Google’s new AI can hear a snippet of song—and then keep on playing

Article by Tammy Xu: “The new AI system can generate natural sounds and voices after being prompted with a few seconds of audio.

AudioLM, developed by Google researchers, produces sounds that match the style of reminders, including complex sounds like piano music or human voices, in a way that is nearly indistinguishable from original record. The technique shows promise in terms of speeding up the training of AI to generate audio, and it could eventually be used to automatically generate music to accompany videos.

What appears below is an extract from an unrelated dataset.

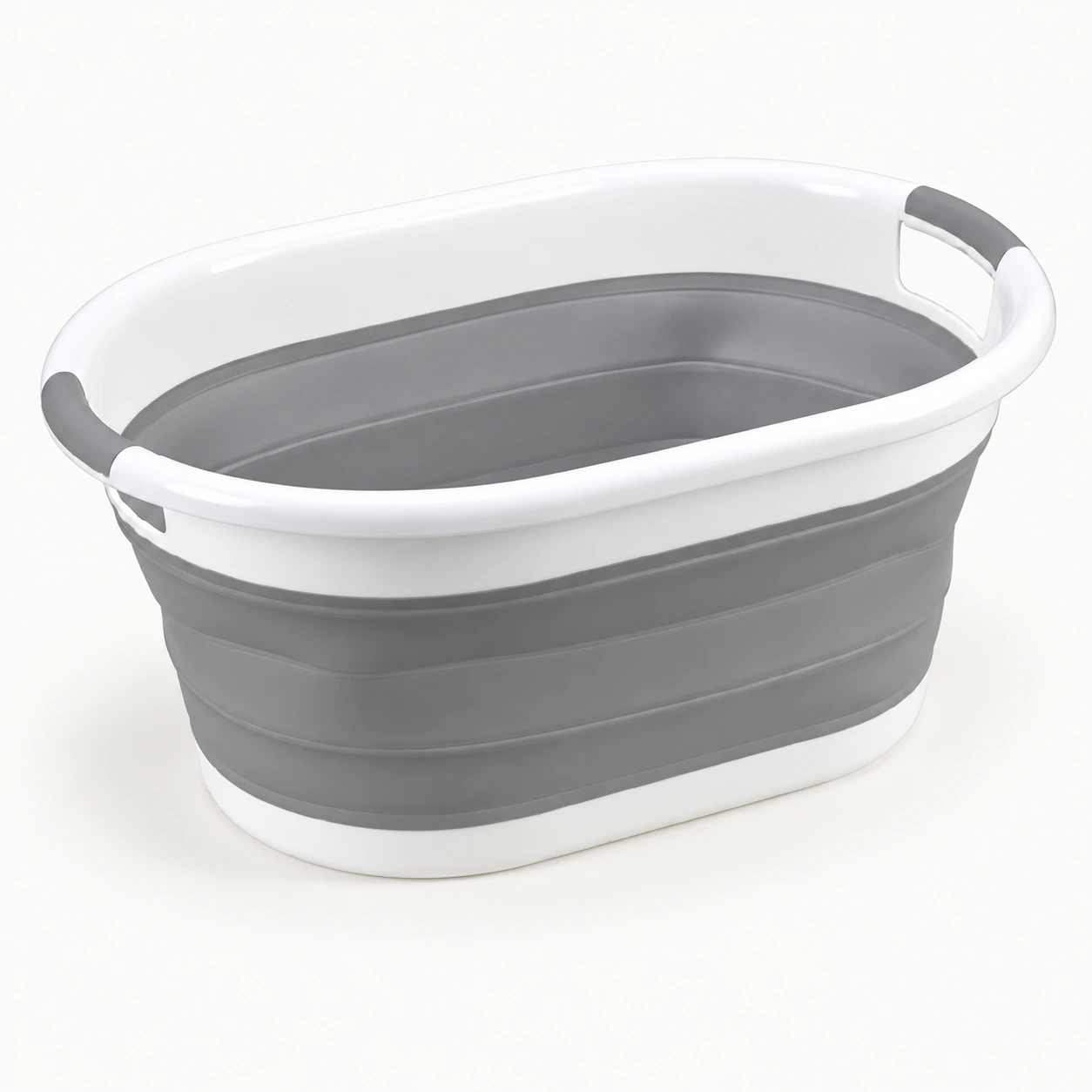 Large Oval Collapsible Laundry Basket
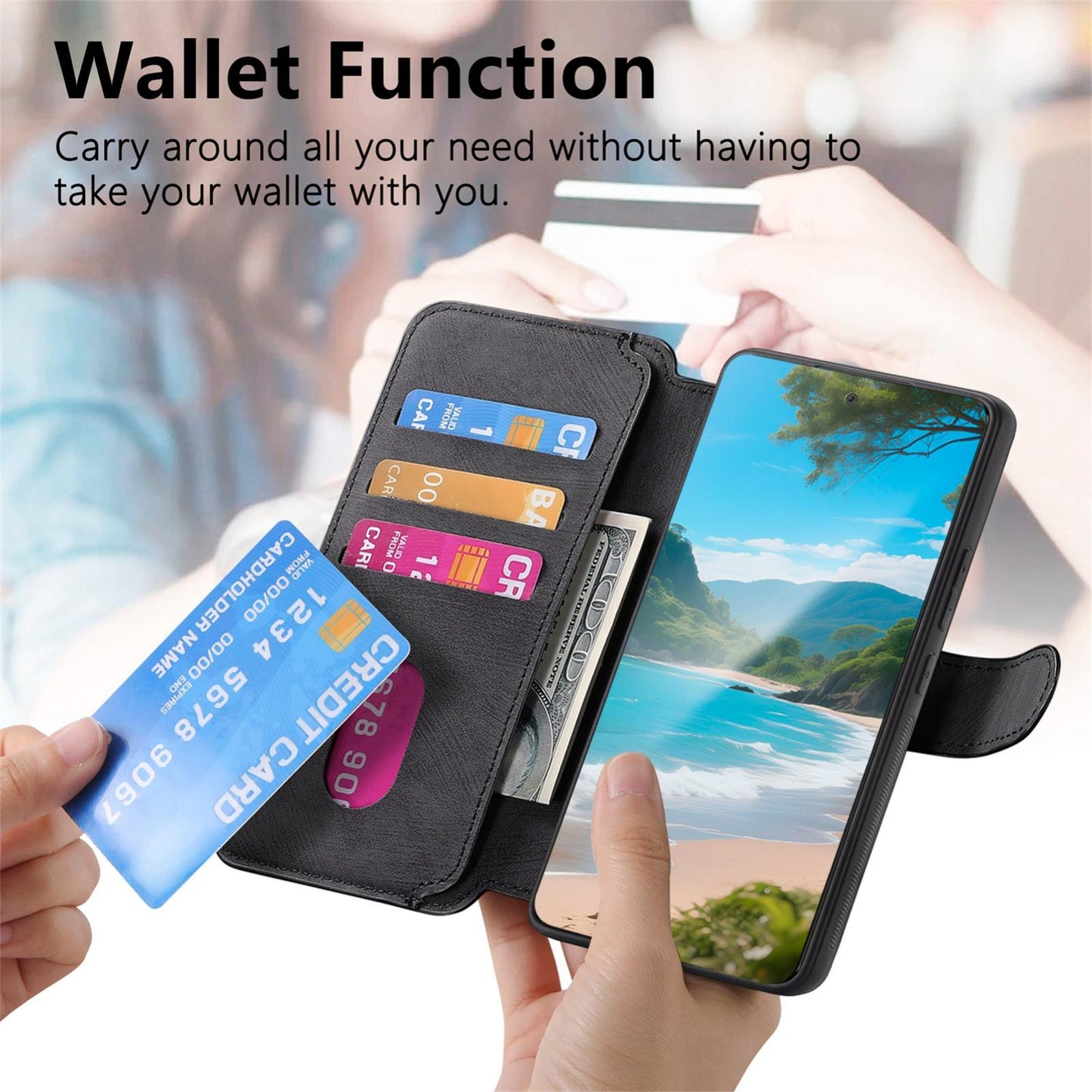 For OPPO K12s / K13x / K13 CaseNeo MagSafe RFID Anti-theft Retro Leather Phone Case(Black)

AI-generated audio has become ubiquitous: voices on home assistants like Alexa use natural language processing. AI music systems like OpenAI’s Jukebox have produced impressive results, but most current techniques require people to prepare transcriptions and label training data based on text, which does It takes a lot of time and human labor. For example, Jukebox uses text-based data to generate lyrics.

AudioLM, described in a non-peer-reviewed paper Last month was different: it didn’t require transcription or labeling. Instead, an audio database is fed into the program, and machine learning is used to compress the audio files into audio clips, called “tokens,” without losing too much information. This encrypted training data is then fed into a machine learning model that uses natural language processing to learn the audio samples.

To generate sound, a few seconds of audio is fed into AudioLM, then predict what happens next. This process is similar to how language models like GPT-3 predict sentences and words that often follow one another.

Sound clip released by the team sounds quite natural. In particular, piano music created with AudioLM sounded more fluid than piano music created with existing AI techniques, which tends to sound chaotic…(More)”.